I continued reading the Starlink patent US12003350. Some aspects of the satellite capacity calculation remain ambiguous, and I welcome further discussion. The patent was filed in early 2021, so readers should consider its timeliness accordingly.
The patent defines links and RF links as follows.
- FIG.4 defines a link from the perspective of the user terminal (UT). A link is an L3 connection to a UT, including the associated MAC, PHY transmitter, PHY receiver, and one or more beams.
- An RF link is defined as a paired downlink (DL) and uplink (UL) channel starting from the MAC layer. The patent explicitly states that an RF link is a logical concept, consisting of one MAC, one PHY transmitter, and one PHY receiver. It also states that an RF link may use multiple beams. One possible guess is that when a UT is located near the boundary between two beams, a single RF link may serve that terminal through both beams.
The patent states that a satellite can have 32 RF link pairs, and each RF link may include multiple frequency bands:
“In an embodiment, the SAT 104 can include 32 RF link pairs (e.g., 32 UL RF links and 32 DL RF links), and each of the DL and UL links can include a plurality of frequency bands (e.g., a DL can have 8 frequency bands, a UL can have 8 frequency bands).”
We already know that the Ku-band user link consists of:
- Eight 250 MHz downlink channels (2 GHz total)
- Eight 62.5 MHz uplink channels (500 MHz total)
A natural interpretation is that a single RF link can span the entire bandwidth by including all eight channels.
However, the wording is ambiguous.
Does the patent mean that each link can have eight frequency bands, or that each RF link can have eight frequency bands?
Does “can have” mean that eight bands are always active simultaneously, or simply that up to eight bands are supported?
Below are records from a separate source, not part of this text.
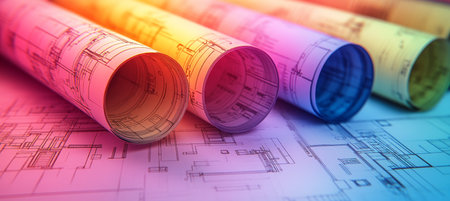 Colorful Construction Plans Design A Blurred Vision Of Architectural Blueprints In Vivid Huesの素材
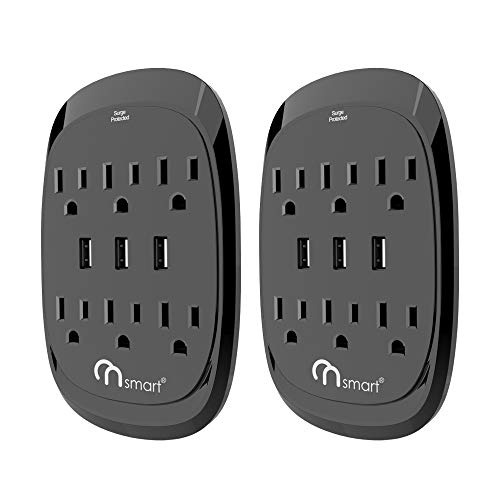 ONSMART USB Wall Tap Surge Protector with 6 outlets 3 USB, 3.4A Output, Portable Wall-Mount Socket, 300J Surge Protection & Smart Charging for Home- Office- Kitchen- Travel (2 Pack)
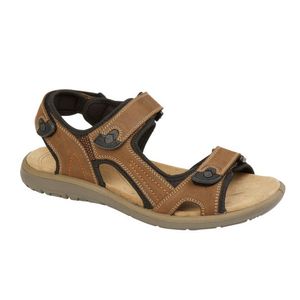Roamers - Pánske športové sandále, trojitý remienok, kožené DF2272 (48 EU) (Brown)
Must these eight bands be eight non-overlapping frequency channels, or could they instead represent reuse of the same channel across eight geographically separated beams?
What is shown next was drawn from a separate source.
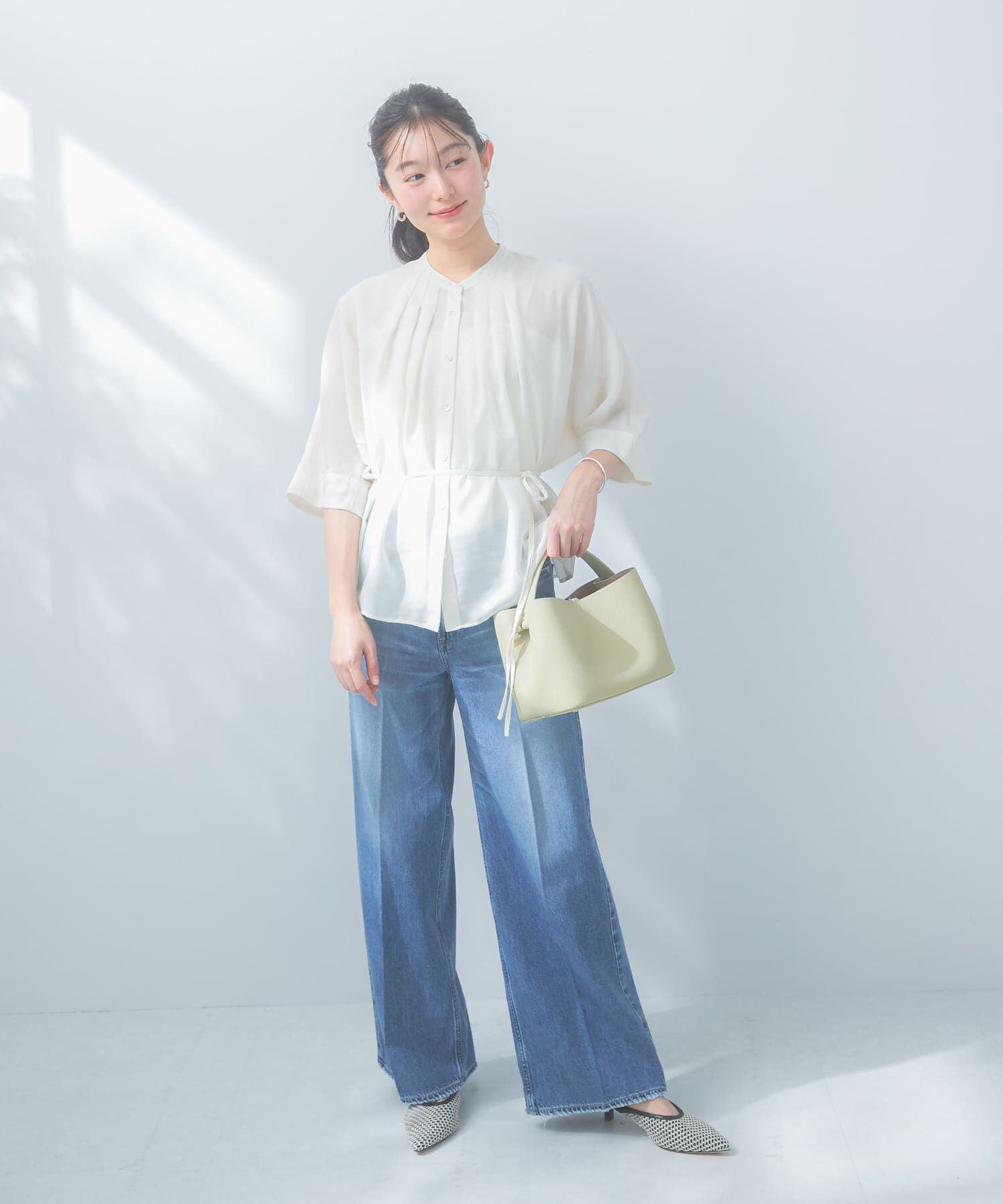 URBAN RESEARCH ROSSO「『WEB/一部店舗限定』リネン混ドルマンタックブラウス」|シャツ・ブラウス|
In my previous analysis, I assumed that each RF link simultaneously carried eight 8*250 MHz downlink channels. This resulted in a total downlink capacity of 320 Gbps for 32 RF links.
However, 320 Gbps is much higher than the publicly reported capacities of current Starlink satellites. Public sources typically report approximately 20 Gbps for first-generation satellites and around 80 Gbps for V2 Mini satellites. Even the not-yet-launched V3 satellites are reported to provide about 1 Tbps of downlink capacity —— not super higher than 320Gbps.
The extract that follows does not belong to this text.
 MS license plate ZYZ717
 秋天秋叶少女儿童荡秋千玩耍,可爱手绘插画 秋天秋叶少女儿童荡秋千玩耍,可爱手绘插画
Therefore, either my previous blog interpretation was incorrect, or the 2021 patent describes a configuration that was considerably more ambitious than the satellites eventually deployed so far.
Additional information in the patent provides further insight.
Regarding the relationship between the modem and the RF link, FIG.5 suggests that a modem contains one PHY transmitter and one PHY receiver, implying a one-to-one correspondence between a modem and an RF link.
However, later figures suggest a more complex implementation. A modem may contain two transmitter/receiver pairs, supporting two independent 250 MHz Ku-band downlink channels. In that case, one modem would contain two RF links.
FIG.20 illustrates an example satellite configuration with four modems for Ku band downlink. Each modem supports two 250 MHz channels, and each channel corresponds to one beam, resulting in a total of eight 250 MHz downlink channels. According to the earlier RF link definition, this is an example of one modem (or RF link) supporting two frequency bands, rather than eight.
These eight 250 MHz channels provide a total downlink capacity of 10 Gbps, noticing 5 bit/s/Hz in my previous blog.
The patent also notes that the four-modem configuration in FIG.20 is only an example and could instead use 16 modems.
With 16 modems, the satellite would support 32 independent 250 MHz downlink channels, providing a total downlink capacity of 40 Gbps. This example also aligns naturally with the patent’s reference to 32 RF links.
Based on this interpretation, the Ku-band downlink capacity explicitly described in the patent falls in the range of 10–40 Gbps, which is much closer to the reported capacities of current Starlink satellites than the 320 Gbps estimated in my previous blog analysis.